## Your task
Go through the listing below and write out exactly the lines from the one that mentions "Tour della Rigenerazione" through the one that mentions "Boîte de stockage", minus the pictures.

## Recorded information
• • • • •

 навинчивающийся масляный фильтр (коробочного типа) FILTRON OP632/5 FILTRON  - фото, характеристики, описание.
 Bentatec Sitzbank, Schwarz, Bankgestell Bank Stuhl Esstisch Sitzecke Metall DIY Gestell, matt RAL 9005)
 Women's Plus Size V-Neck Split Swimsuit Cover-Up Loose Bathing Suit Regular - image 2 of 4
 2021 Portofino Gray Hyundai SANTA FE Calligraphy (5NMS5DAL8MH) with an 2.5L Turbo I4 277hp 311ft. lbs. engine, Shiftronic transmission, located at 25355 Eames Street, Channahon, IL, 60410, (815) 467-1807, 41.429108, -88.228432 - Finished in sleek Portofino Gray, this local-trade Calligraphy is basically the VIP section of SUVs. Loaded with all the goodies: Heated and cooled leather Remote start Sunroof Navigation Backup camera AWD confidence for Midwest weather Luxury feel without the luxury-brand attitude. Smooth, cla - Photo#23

• • • • •

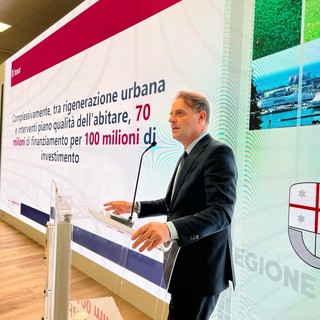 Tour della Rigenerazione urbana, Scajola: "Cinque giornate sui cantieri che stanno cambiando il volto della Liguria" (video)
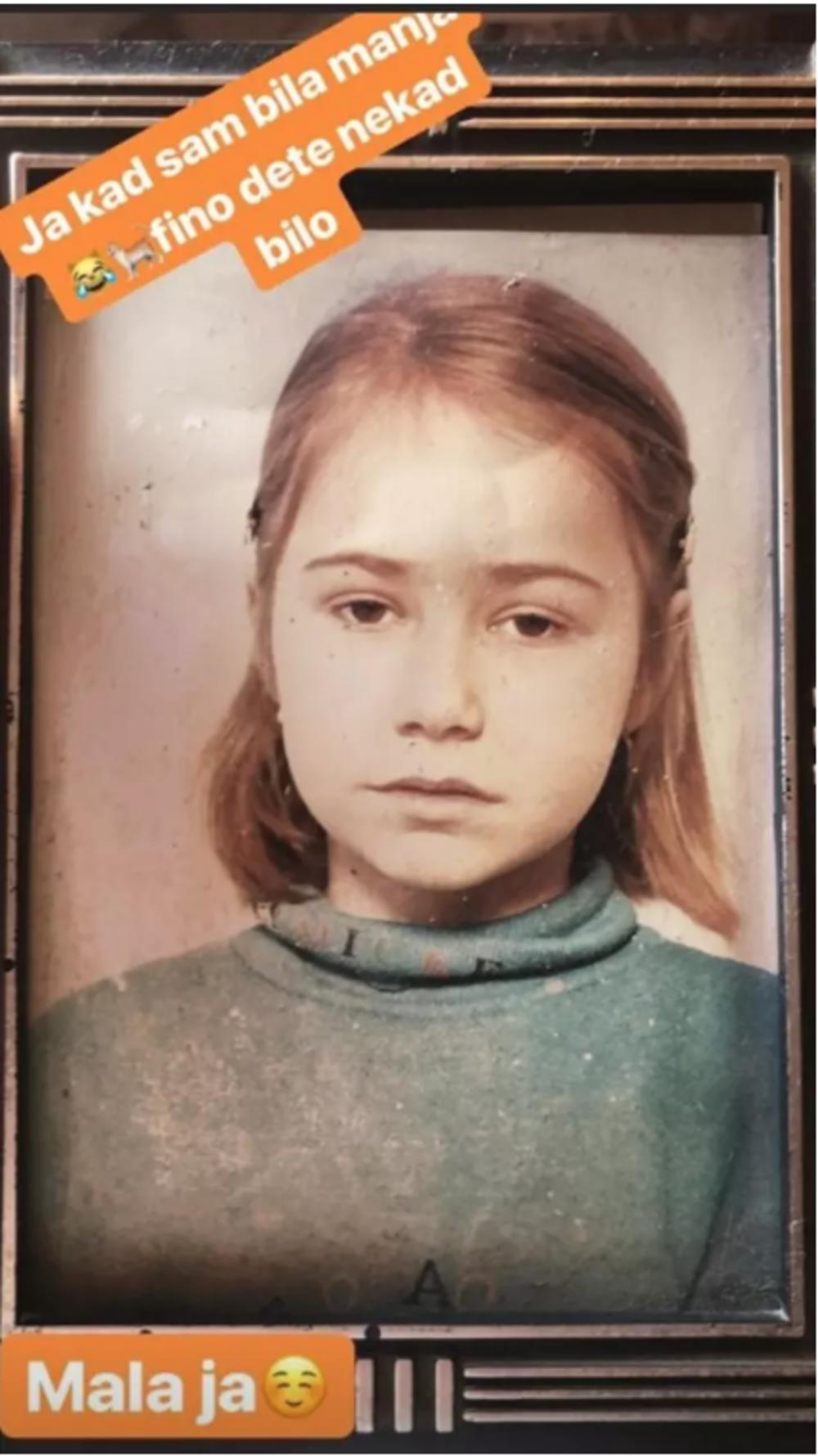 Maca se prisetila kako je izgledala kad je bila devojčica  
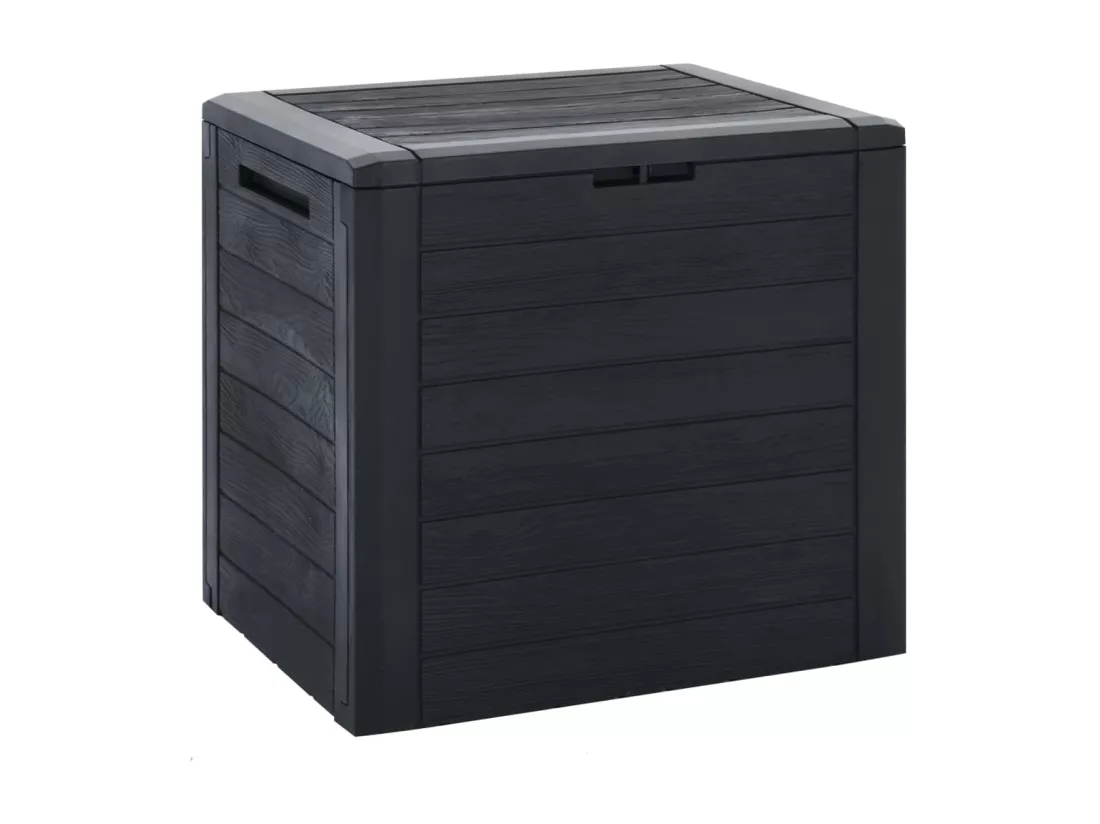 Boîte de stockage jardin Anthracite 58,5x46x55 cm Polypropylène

• • • • •

## Worked solution
 Tour della Rigenerazione urbana, Scajola: "Cinque giornate sui cantieri che stanno cambiando il volto della Liguria" (video)
 Maca se prisetila kako je izgledala kad je bila devojčica  
 Boîte de stockage jardin Anthracite 58,5x46x55 cm Polypropylène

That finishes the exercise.